In gioco ci sono anni di cultura giuridica. Difesa talvolta anche fino al sacrificio estremo da parte dell’avvocatura, ricorda la consigliera del Cnf Francesca Sorbi. «Il nostro ruolo non è giudicare le persone - aggiunge - ma garantire la migliore tutela tecnica, sia nel civile sia nel penale. Guai a chi confonde l’avvocato con il suo assistito, nel bene e nel male». E non bisogna nemmeno confondersi con il giudice: la prova si forma in tribunale, durante un giusto processo. «Su qualsiasi comportamento possono influire tantissimi elementi, quindi anche quando ci si trova di fronte al colpevole conclamato è necessario valutare tutte le circostanze che possono aver portato ad una certa azione», spiega. Rinunciare ad un mandato è, comunque, una scelta legittima. A meno che non si tratti di una difesa d’ufficio, quando si può decidere di rimettere il mandato solo in caso di incompatibilità, «negli altri casi si è sempre liberi di scegliere: siamo liberi professionisti. Ma bisogna sempre stare molto attenti: il rifiuto non deve essere inteso come un’anticipazione di giudizio, perché noi non siamo tenuti a dare quel giudizio».

Il principio da rivendicare, secondo il presidente dell’Unione delle Camere penali del Veneto, Federico Vianelli, è «elementare», ma troppo spesso messo in discussione: «Il diritto di difesa va riconosciuto a tutti, indistintamente, gli accusati di ogni reato, anche del più bieco e ripugnante. Questo è lo Stato di diritto ed iI diritto di difesa - scrivono in una nota -. Questa è la ragione della indispensabile presenza dell'avvocato nel processo, garanzia da riconoscere a tutti, senza alcuna distinzione».

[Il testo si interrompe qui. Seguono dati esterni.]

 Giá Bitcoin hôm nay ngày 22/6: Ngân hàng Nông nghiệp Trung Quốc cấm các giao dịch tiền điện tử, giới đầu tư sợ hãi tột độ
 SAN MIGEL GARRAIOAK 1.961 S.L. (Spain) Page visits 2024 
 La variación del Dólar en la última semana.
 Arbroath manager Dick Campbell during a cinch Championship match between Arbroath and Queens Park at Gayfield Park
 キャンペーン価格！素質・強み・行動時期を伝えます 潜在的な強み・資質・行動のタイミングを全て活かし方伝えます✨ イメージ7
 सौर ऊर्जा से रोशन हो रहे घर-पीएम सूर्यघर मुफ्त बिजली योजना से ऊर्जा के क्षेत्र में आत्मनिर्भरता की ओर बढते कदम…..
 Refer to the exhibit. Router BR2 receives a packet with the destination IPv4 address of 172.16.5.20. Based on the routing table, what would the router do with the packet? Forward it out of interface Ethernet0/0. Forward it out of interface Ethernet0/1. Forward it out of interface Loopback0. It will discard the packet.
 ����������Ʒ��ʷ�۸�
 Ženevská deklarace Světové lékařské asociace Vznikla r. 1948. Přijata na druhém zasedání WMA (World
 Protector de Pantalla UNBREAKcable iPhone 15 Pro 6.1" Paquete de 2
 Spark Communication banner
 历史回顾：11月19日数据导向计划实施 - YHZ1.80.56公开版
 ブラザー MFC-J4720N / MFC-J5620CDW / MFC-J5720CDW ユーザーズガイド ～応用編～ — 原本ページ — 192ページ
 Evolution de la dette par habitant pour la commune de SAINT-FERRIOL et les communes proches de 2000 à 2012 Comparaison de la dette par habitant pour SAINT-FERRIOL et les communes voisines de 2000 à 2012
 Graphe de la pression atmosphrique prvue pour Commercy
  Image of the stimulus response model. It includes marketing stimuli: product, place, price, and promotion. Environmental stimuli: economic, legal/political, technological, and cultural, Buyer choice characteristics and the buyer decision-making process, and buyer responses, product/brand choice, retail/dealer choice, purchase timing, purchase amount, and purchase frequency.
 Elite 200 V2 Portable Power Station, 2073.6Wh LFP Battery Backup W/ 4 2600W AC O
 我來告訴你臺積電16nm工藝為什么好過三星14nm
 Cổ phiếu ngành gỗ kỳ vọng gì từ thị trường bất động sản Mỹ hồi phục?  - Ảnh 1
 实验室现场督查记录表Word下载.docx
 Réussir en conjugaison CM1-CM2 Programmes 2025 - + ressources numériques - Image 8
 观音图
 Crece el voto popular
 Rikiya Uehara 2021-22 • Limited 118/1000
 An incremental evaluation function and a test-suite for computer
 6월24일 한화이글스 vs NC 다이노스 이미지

E il discorso, come sottolineato da Sorbi, vale anche per il civile. Perché, spiega Maurizio Bandera, componente del direttivo nazionale dell’Associazione italiana degli avvocati per la famiglia e i minori, potersi tutelare in un processo è sacrosanto, inviolabile e incoercibile. «È un argomento sul quale bisogna confrontarsi - sottolinea -. Sostenere la tesi che c’è gente che non merita di essere difesa o di scegliere chi ritiene più adeguato a sostenerlo è una deriva pericolosa. Ma un avvocato che non è pienamente convinto di poter offrire una difesa efficace fa bene a rinunciare, perché altrimenti fa male a tutti, compresa la collettività, che vede nel processo un’occasione affinché venga affermato un principio di giustizia ma anche di autorità dello Stato. Arrivare in quel contesto con un’indecisione di fondo rischia di essere pericoloso».